(Extracted data entries)
--
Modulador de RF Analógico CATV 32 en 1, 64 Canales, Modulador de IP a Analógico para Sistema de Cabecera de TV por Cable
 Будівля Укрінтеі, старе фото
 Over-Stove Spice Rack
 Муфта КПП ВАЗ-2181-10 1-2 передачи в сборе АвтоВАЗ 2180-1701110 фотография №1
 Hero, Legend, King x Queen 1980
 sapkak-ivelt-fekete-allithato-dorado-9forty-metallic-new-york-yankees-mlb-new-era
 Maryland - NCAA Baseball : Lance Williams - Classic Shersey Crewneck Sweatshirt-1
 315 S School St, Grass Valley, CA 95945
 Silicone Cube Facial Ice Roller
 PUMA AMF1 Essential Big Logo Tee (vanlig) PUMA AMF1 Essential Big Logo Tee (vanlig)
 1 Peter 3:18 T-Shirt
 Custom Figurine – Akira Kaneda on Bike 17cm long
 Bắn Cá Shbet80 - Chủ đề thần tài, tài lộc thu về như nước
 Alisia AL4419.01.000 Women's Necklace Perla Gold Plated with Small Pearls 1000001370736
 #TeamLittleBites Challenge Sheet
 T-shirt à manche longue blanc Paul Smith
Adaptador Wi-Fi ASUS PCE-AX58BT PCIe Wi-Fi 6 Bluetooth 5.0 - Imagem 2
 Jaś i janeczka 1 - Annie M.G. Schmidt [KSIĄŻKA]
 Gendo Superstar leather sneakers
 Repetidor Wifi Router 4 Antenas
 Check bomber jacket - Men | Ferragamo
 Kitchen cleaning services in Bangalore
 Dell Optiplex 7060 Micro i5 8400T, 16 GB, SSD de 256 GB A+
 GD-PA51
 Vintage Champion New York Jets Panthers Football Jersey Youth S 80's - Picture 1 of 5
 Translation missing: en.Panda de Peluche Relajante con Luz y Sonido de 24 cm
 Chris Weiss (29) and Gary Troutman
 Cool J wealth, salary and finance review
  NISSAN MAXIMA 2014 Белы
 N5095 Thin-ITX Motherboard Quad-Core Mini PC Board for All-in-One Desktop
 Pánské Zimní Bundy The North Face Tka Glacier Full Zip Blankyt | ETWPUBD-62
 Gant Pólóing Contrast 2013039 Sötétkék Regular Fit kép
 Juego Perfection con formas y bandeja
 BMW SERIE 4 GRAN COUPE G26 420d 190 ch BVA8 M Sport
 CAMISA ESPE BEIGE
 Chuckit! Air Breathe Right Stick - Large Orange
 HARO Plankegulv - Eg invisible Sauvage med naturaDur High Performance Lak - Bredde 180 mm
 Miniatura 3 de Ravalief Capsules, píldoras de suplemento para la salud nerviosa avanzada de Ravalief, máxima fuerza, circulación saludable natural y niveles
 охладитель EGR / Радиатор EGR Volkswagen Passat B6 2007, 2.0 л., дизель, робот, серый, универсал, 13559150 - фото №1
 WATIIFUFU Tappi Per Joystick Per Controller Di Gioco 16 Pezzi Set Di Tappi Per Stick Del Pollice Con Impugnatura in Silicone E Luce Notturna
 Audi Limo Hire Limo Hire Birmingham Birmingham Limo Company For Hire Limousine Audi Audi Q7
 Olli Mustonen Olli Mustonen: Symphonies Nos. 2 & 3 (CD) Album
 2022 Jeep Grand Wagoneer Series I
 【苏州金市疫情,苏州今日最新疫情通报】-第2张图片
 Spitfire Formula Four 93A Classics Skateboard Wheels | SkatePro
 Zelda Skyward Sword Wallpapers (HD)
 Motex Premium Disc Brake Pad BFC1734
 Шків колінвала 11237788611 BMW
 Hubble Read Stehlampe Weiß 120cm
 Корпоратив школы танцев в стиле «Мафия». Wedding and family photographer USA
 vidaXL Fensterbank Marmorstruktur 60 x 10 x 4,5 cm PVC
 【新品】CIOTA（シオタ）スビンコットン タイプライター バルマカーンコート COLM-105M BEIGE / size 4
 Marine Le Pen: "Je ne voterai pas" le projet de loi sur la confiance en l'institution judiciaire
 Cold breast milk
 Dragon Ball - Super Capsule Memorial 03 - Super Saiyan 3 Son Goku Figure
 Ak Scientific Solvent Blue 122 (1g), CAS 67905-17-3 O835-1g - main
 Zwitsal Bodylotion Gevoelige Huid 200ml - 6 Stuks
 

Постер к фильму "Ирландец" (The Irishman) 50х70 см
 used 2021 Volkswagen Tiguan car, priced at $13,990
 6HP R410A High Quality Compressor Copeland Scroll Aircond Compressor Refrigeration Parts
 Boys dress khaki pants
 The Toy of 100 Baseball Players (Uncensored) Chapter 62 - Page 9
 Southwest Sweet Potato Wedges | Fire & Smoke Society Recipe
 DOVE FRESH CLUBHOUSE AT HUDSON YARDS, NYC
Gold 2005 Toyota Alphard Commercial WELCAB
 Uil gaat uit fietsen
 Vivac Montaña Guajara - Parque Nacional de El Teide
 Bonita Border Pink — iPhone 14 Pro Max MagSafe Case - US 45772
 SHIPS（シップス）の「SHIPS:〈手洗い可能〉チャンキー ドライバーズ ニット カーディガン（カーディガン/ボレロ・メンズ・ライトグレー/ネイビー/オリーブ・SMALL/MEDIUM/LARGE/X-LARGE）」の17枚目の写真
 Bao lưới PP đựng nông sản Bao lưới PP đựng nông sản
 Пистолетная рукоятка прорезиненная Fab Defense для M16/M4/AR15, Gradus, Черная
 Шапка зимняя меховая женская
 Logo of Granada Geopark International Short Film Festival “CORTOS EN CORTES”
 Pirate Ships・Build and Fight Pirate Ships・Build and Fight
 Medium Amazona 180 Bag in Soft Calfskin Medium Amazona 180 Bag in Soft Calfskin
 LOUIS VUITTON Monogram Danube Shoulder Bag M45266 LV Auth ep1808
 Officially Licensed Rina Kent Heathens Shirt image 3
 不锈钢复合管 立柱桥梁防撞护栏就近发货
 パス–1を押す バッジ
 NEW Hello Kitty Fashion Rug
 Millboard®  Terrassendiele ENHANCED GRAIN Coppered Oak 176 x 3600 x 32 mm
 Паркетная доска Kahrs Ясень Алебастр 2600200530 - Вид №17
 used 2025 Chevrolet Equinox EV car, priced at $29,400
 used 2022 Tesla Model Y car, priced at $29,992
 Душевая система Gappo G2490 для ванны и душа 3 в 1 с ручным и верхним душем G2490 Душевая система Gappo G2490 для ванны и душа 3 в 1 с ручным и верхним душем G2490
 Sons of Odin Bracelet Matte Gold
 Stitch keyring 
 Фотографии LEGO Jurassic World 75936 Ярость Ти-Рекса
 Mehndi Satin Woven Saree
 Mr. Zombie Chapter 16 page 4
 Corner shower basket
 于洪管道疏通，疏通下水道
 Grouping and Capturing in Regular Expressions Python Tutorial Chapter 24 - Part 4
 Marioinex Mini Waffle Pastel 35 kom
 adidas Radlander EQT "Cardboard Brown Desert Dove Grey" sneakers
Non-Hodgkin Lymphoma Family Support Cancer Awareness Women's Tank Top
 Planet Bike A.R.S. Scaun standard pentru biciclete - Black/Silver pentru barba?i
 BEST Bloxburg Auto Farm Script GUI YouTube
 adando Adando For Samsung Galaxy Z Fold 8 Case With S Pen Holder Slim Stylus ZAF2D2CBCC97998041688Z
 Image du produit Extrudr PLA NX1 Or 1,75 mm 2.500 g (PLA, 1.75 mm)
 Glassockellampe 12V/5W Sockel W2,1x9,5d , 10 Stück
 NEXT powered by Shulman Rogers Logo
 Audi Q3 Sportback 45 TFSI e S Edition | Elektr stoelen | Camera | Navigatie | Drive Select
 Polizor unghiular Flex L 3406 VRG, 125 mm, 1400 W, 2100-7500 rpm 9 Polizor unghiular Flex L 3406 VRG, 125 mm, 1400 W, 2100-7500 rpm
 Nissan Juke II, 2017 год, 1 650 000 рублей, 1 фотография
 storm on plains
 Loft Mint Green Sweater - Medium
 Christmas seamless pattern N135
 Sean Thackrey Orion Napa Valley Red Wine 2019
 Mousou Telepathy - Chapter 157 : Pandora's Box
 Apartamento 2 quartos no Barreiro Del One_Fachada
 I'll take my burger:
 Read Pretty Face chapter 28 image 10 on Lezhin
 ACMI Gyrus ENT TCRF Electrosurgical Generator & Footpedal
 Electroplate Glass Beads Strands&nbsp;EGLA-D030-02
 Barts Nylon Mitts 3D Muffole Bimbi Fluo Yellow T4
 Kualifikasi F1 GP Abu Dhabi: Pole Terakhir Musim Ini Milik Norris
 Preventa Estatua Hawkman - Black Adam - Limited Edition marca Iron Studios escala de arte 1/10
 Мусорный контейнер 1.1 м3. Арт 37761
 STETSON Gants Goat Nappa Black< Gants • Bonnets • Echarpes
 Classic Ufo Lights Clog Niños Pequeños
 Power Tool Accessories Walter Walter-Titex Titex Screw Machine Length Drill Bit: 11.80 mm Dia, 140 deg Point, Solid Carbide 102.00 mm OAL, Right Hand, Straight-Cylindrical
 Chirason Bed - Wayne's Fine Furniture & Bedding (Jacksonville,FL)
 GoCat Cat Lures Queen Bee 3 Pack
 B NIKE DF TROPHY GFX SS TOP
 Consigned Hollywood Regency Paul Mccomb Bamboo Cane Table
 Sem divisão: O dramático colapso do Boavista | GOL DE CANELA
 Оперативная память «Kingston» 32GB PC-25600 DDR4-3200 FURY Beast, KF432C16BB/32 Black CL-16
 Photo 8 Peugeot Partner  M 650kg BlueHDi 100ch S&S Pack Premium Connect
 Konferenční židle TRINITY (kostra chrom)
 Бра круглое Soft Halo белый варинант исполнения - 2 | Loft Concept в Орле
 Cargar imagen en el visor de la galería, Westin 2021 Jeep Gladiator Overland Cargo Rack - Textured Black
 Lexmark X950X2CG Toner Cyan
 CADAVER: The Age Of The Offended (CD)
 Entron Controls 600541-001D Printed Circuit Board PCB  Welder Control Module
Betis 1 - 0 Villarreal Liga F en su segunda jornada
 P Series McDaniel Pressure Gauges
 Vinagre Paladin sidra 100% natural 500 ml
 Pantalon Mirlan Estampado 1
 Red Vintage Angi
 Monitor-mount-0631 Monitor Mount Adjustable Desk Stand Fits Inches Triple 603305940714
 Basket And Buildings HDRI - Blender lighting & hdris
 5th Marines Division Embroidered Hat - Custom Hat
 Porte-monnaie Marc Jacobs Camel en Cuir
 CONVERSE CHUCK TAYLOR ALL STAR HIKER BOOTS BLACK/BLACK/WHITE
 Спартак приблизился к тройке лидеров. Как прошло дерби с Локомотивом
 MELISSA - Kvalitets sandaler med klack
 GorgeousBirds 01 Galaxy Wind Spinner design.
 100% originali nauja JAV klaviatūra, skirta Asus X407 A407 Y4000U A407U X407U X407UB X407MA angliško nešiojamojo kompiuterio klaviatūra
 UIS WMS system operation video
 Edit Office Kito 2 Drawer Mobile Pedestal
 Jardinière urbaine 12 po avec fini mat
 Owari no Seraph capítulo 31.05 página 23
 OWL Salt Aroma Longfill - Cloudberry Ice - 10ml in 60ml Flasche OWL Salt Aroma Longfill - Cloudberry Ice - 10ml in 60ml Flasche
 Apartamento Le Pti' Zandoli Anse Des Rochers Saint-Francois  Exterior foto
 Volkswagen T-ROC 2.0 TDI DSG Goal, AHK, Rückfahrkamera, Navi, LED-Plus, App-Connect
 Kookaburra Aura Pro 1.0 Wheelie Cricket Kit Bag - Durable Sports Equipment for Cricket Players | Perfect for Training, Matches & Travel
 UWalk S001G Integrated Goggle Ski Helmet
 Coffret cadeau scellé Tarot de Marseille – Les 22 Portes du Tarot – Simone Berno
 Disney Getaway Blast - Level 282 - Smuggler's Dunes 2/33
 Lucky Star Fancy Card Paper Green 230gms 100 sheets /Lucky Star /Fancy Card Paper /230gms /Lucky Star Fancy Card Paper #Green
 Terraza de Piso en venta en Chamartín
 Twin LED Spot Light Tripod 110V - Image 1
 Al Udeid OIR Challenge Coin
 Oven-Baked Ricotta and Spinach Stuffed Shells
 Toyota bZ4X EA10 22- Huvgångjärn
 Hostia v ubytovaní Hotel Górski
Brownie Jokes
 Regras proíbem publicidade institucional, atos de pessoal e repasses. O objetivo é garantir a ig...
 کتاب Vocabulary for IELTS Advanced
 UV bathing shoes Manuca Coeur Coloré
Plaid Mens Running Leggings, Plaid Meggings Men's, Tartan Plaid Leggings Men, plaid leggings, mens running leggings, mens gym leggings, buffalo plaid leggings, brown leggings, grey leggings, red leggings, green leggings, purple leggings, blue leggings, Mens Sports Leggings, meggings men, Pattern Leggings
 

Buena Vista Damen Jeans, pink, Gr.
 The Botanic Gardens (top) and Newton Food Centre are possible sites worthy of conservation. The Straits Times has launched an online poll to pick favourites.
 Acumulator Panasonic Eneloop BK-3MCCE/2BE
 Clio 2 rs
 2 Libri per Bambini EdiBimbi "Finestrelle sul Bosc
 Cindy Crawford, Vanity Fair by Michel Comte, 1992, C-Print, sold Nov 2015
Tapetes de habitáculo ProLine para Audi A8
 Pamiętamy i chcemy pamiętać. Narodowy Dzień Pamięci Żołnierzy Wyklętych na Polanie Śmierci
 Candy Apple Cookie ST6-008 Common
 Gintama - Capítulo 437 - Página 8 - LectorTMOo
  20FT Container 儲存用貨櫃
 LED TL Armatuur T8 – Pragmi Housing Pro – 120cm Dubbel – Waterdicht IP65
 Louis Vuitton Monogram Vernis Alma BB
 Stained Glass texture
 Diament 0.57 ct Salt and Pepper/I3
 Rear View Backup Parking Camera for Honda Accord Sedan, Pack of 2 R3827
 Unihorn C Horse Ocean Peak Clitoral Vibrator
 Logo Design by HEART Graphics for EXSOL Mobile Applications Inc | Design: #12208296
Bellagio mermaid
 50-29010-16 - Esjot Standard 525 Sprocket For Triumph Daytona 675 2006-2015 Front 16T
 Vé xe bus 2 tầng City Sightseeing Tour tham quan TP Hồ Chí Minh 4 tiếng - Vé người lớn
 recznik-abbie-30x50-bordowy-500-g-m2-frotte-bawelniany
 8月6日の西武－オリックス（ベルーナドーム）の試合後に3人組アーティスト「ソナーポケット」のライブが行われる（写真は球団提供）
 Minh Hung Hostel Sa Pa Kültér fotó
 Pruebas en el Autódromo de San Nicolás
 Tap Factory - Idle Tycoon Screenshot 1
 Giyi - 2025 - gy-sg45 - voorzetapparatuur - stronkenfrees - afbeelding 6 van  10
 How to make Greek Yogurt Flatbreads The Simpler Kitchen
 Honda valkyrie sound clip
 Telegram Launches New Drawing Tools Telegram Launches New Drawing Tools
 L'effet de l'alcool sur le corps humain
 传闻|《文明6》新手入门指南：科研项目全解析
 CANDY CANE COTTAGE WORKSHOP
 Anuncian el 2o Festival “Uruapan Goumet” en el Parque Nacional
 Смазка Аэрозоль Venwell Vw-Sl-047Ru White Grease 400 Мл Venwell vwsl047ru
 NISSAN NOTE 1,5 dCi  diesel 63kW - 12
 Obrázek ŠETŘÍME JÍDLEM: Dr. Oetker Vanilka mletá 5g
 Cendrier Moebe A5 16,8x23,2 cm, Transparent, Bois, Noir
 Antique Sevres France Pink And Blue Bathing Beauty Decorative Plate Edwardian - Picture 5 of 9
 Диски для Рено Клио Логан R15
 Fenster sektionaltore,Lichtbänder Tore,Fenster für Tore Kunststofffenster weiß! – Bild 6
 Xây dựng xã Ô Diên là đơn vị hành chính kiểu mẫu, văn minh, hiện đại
--
Your instructions:
Take the entries above and return only the lines from the one with "کتاب Vocabulary for IELTS Advanced" to the one with "50-29010-16 - Esjot", both included, unchanged.

Exercise result:
 کتاب Vocabulary for IELTS Advanced
 UV bathing shoes Manuca Coeur Coloré
Plaid Mens Running Leggings, Plaid Meggings Men's, Tartan Plaid Leggings Men, plaid leggings, mens running leggings, mens gym leggings, buffalo plaid leggings, brown leggings, grey leggings, red leggings, green leggings, purple leggings, blue leggings, Mens Sports Leggings, meggings men, Pattern Leggings
 

Buena Vista Damen Jeans, pink, Gr.
 The Botanic Gardens (top) and Newton Food Centre are possible sites worthy of conservation. The Straits Times has launched an online poll to pick favourites.
 Acumulator Panasonic Eneloop BK-3MCCE/2BE
 Clio 2 rs
 2 Libri per Bambini EdiBimbi "Finestrelle sul Bosc
 Cindy Crawford, Vanity Fair by Michel Comte, 1992, C-Print, sold Nov 2015
Tapetes de habitáculo ProLine para Audi A8
 Pamiętamy i chcemy pamiętać. Narodowy Dzień Pamięci Żołnierzy Wyklętych na Polanie Śmierci
 Candy Apple Cookie ST6-008 Common
 Gintama - Capítulo 437 - Página 8 - LectorTMOo
  20FT Container 儲存用貨櫃
 LED TL Armatuur T8 – Pragmi Housing Pro – 120cm Dubbel – Waterdicht IP65
 Louis Vuitton Monogram Vernis Alma BB
 Stained Glass texture
 Diament 0.57 ct Salt and Pepper/I3
 Rear View Backup Parking Camera for Honda Accord Sedan, Pack of 2 R3827
 Unihorn C Horse Ocean Peak Clitoral Vibrator
 Logo Design by HEART Graphics for EXSOL Mobile Applications Inc | Design: #12208296
Bellagio mermaid
 50-29010-16 - Esjot Standard 525 Sprocket For Triumph Daytona 675 2006-2015 Front 16T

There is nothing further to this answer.